As the retail, catering and distributive industries wait for the results of the government’s three-month consultation on minimum unit pricing, a fierce backlash has emerged against the idea that wholesalers are irresponsibly pushing cheap superstrength products to retailers who in turn sell them on to young binge drinkers and vagrants.
While the merits – or otherwise – of minimum unit pricing (MUP) continue to be debated within our trade and in society at large, wholesalers are united on one thing – that they cannot be held responsible for society’s ills when they are responsibly selling what is a legal product.
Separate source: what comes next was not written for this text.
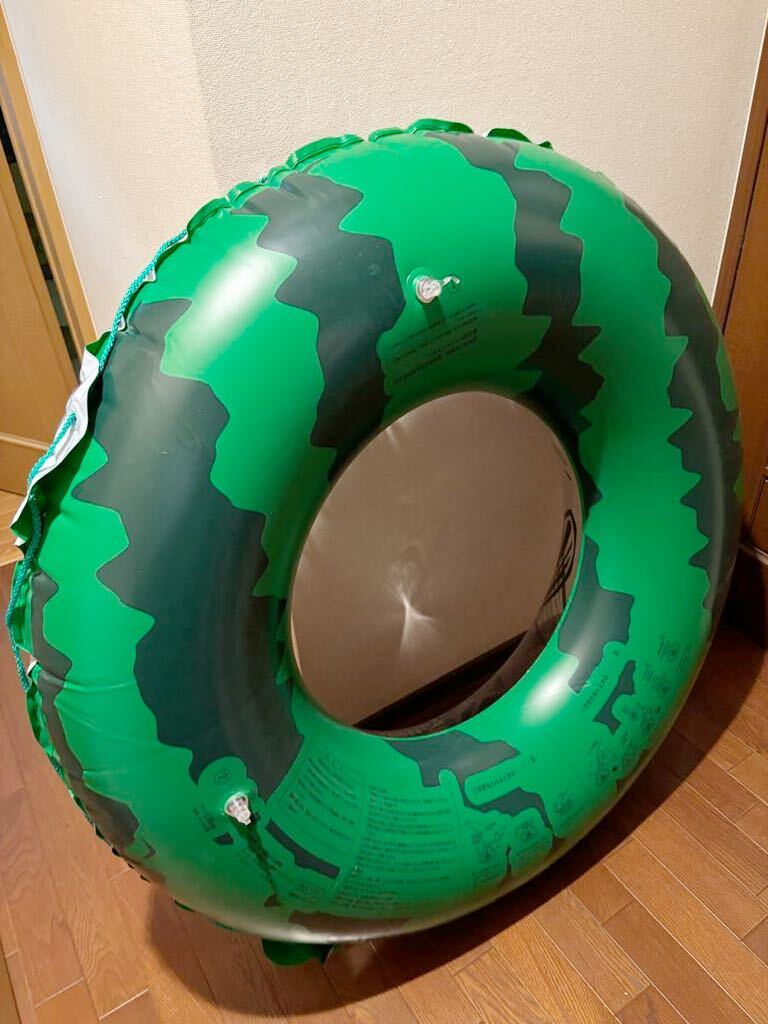  swim ring 120cm watermelon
Wholesalers maintain that they have at all times acted responsibly with regard to selling alcohol – several prominent FWD members, including Booker and Bestway, have even signed up to the Department of Health’s Alcohol Unit Reduction initiative, which aims to remove one billion units of alcohol sold annually from the UK market by Dec 2015 principally through “improving consumer choice of lower alcohol products.”
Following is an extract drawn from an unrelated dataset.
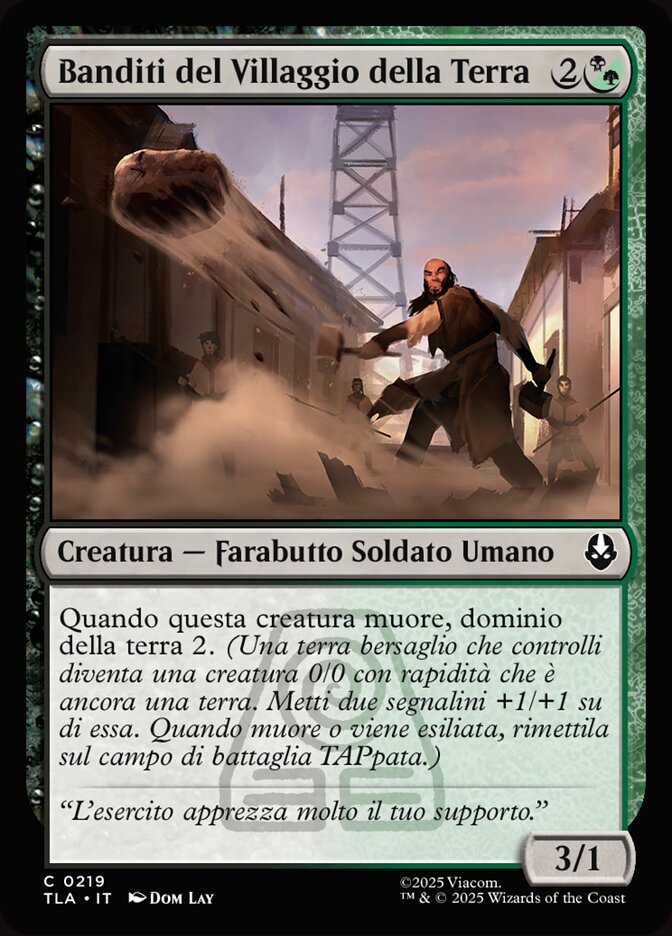 Banditi del Villaggio della Terra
But recent remarks by peer Baroness Joan Bakewell, pointing the finger at wholesalers for “irresponsibly promoting” superstrength beers and ciders to retailers have drawn widespread condemnation.
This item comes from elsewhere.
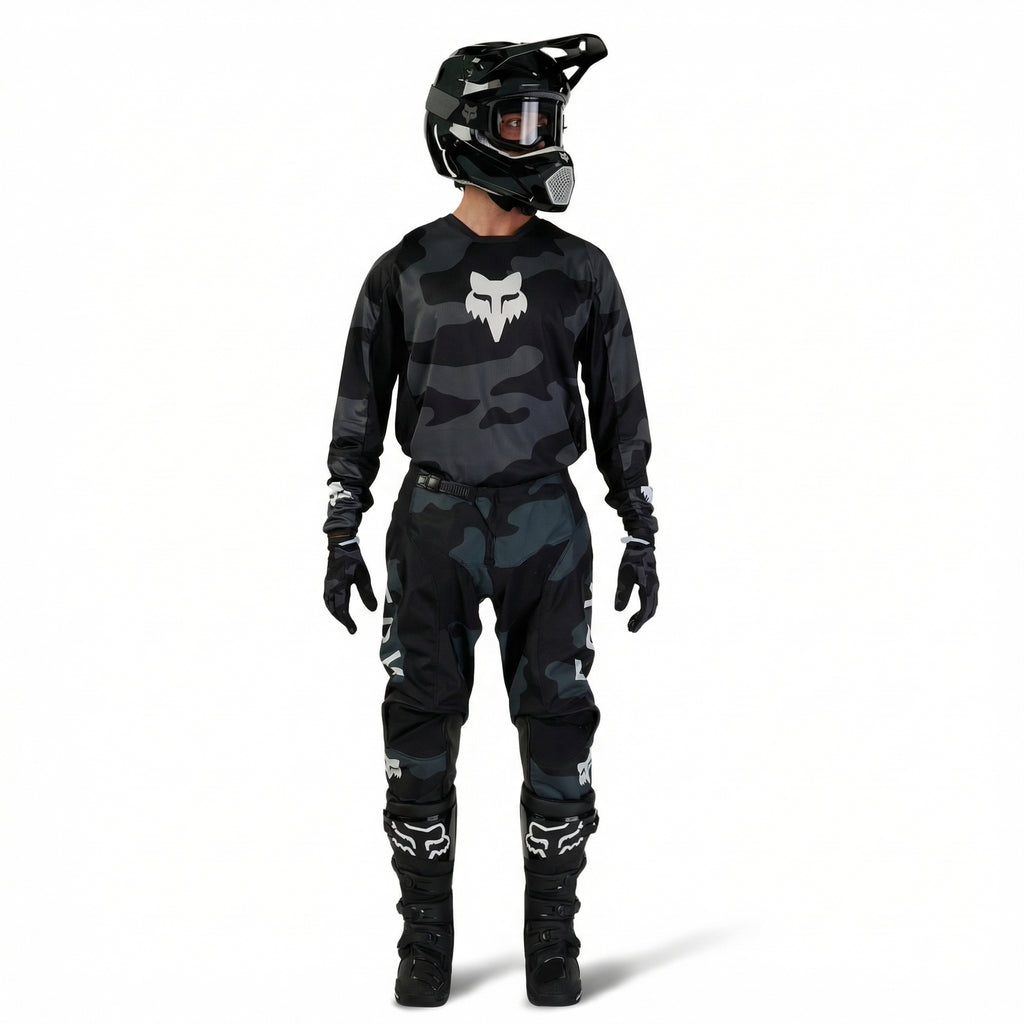 FOX Motorcycle Suit CH 24 Motocross Jersey & Pants Off Road Racing Gear_4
Landmark told Wholesale News: “We are extremely proud that our group and its members conform to both the letter and spirit of the law. Wholesalers are distributors of products deemed legal and proper by the UK Government – on that basis they are neither responsible for proscribing products arbitrarily, nor for making pricing decisions on anything other than a commercial basis.
“All alcohol products are abused by a misguided few from time to time. Cider, as an indigenous product to the UK, is favourably treated by the Government duty regime hence its [often low]pricing – this is government policy not wholesale irresponsibility. Superstrength lager used to be a very important category for independent retailers and is also a perfectly legal product for wholesalers to sell and has a genuine and legitimate demand from consumers. They are now are a small part of legitimate wholesalers’ businesses.
“Bakewell is plain wrong and should not be pointing fingers without evidence. Legitimate wholesalers provide essential services to tens of thousands of small businesses. They contribute to their local communities, provide employment, pay huge amounts of tax and comply with the law. The suggestion that they are in some way irresponsible is offensive.
Simon Hannah, MD of Scottish wholesaler JW Filshill added: “As both a wholesaler and a retailer, we supply a demand – created by brand owners – to consumers in all product categories, not just alcohol. I would be interested to know if Baroness Bakewell has ever visited a wholesale depot. MUP does not affect the price that wholesalers sell to retailers – it affects the price that retailers sell to consumers – so wholesalers promoting to retailers is irrelevant in this case.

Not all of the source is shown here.